* **Data**
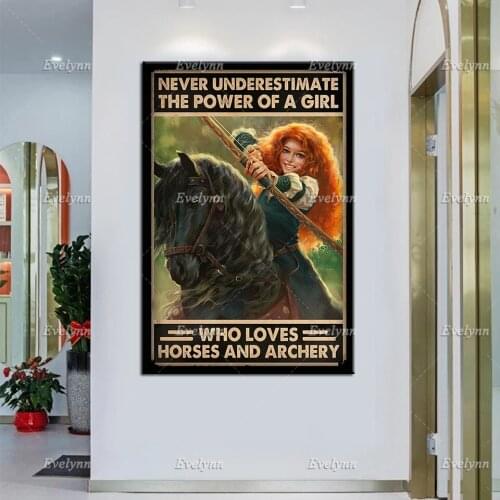 Girl Never Underestimate The Power Of A Girl Who Loves Horses And Archery Retro Poster Home Living Decor Prints Wall Art Canvas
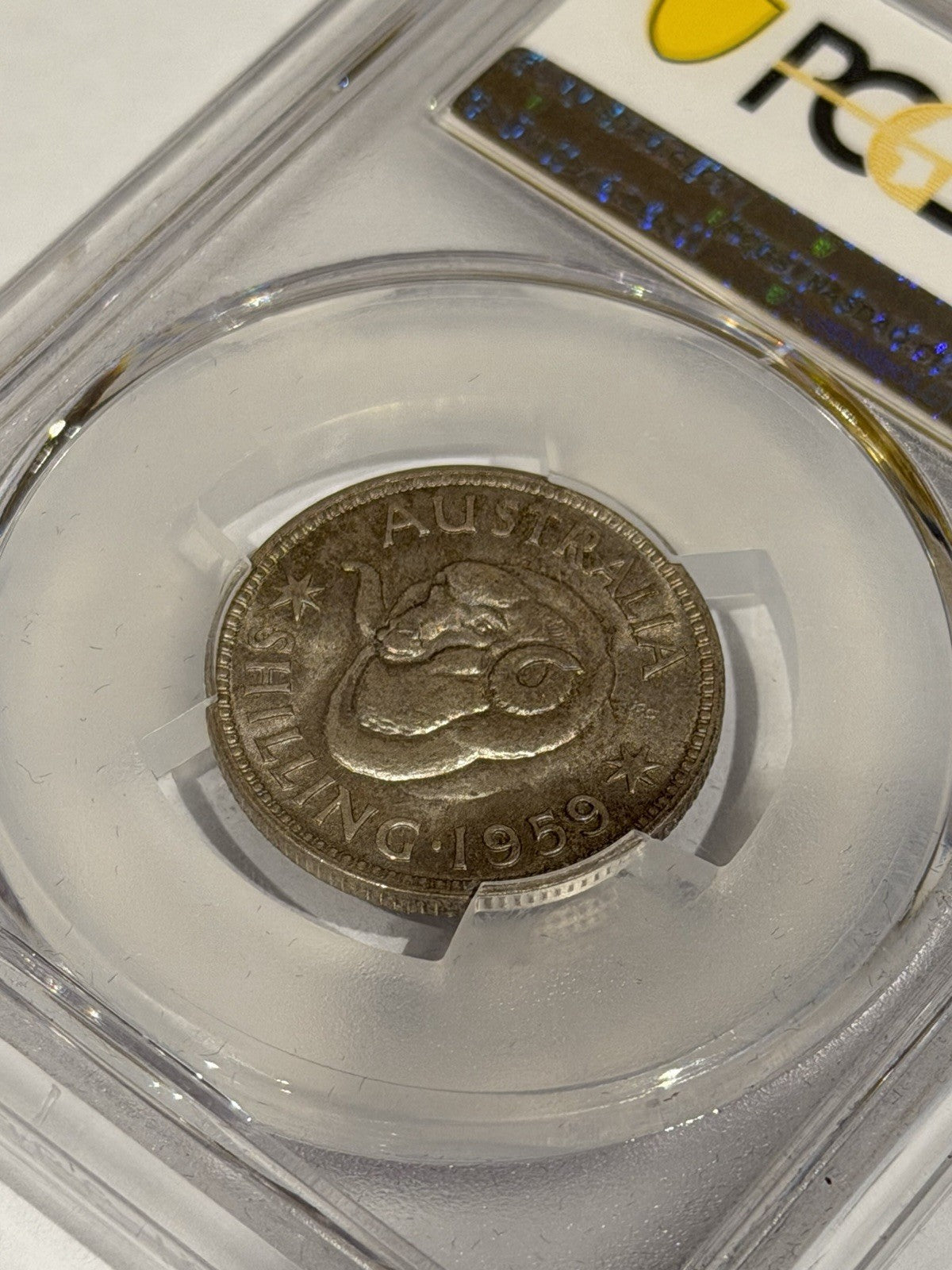 Australia 1959(m) Shilling 1/- PCGS Graded MS63 UNC Silver Coin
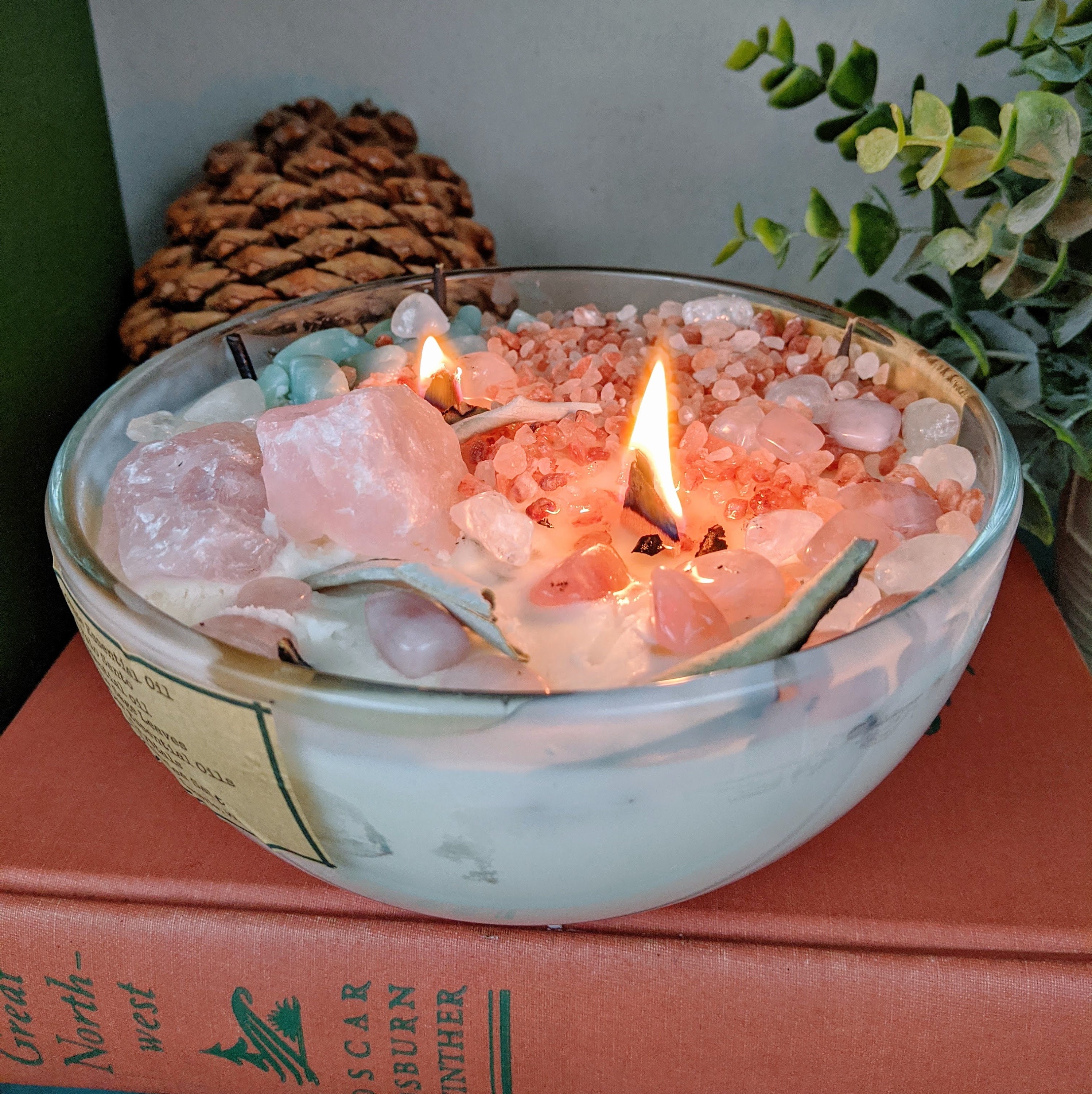 XL Healing Bowl Candle Extra Large Candle Flickering wick Etsy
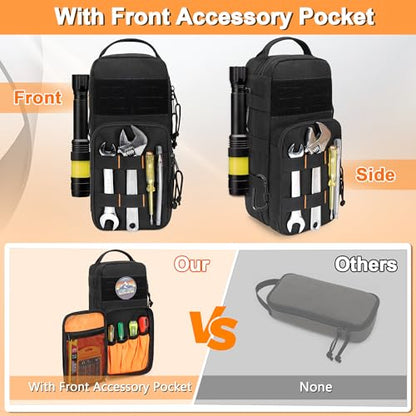 Heavy Duty Small Tool Bag Storage with 2 Zipper Pouches, Multi-functional Tactical Molle Tool Organizer Case with Locking Carabiner for Camping, Road Trip, Electricians, EDC, Multimeter Case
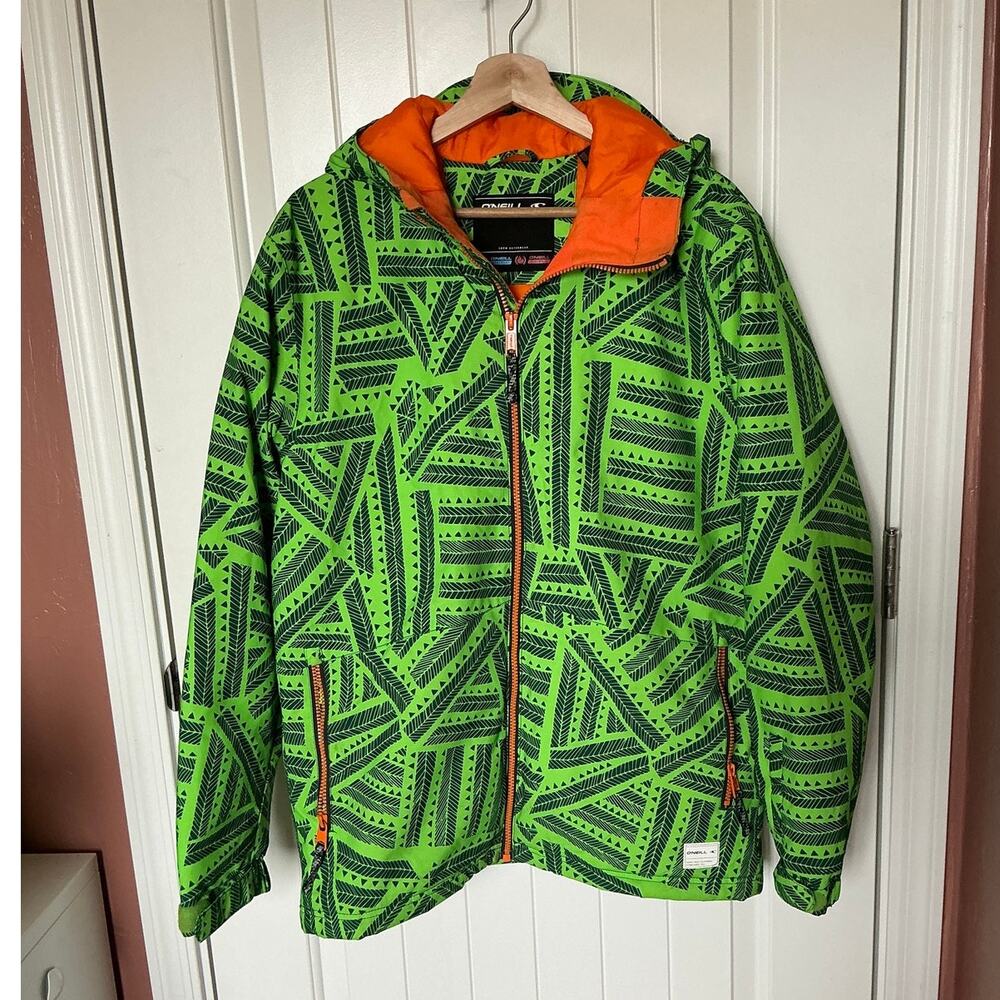 O'Neill Youth Abstract Patterned Snow Jacket Y16 Neon Green/Orange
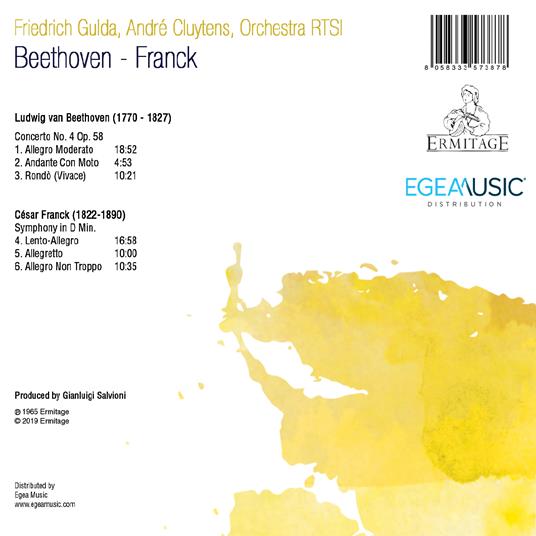 Beethoven - Franck - CD Audio di Ludwig van Beethoven,César Franck,André Cluytens,Friedrich Gulda,Orchestra della Radiotelevisione della Svizzera Italiana - 2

* **Exercise directions**
Look above for the line with "Australia 1959(m) Shilling"; quote it and every line after it, stopping after the line with "O'Neill Youth Abstract", exactly, with nothing added and without pictures.

* **Expected output**
 Australia 1959(m) Shilling 1/- PCGS Graded MS63 UNC Silver Coin
 XL Healing Bowl Candle Extra Large Candle Flickering wick Etsy
 Heavy Duty Small Tool Bag Storage with 2 Zipper Pouches, Multi-functional Tactical Molle Tool Organizer Case with Locking Carabiner for Camping, Road Trip, Electricians, EDC, Multimeter Case
 O'Neill Youth Abstract Patterned Snow Jacket Y16 Neon Green/Orange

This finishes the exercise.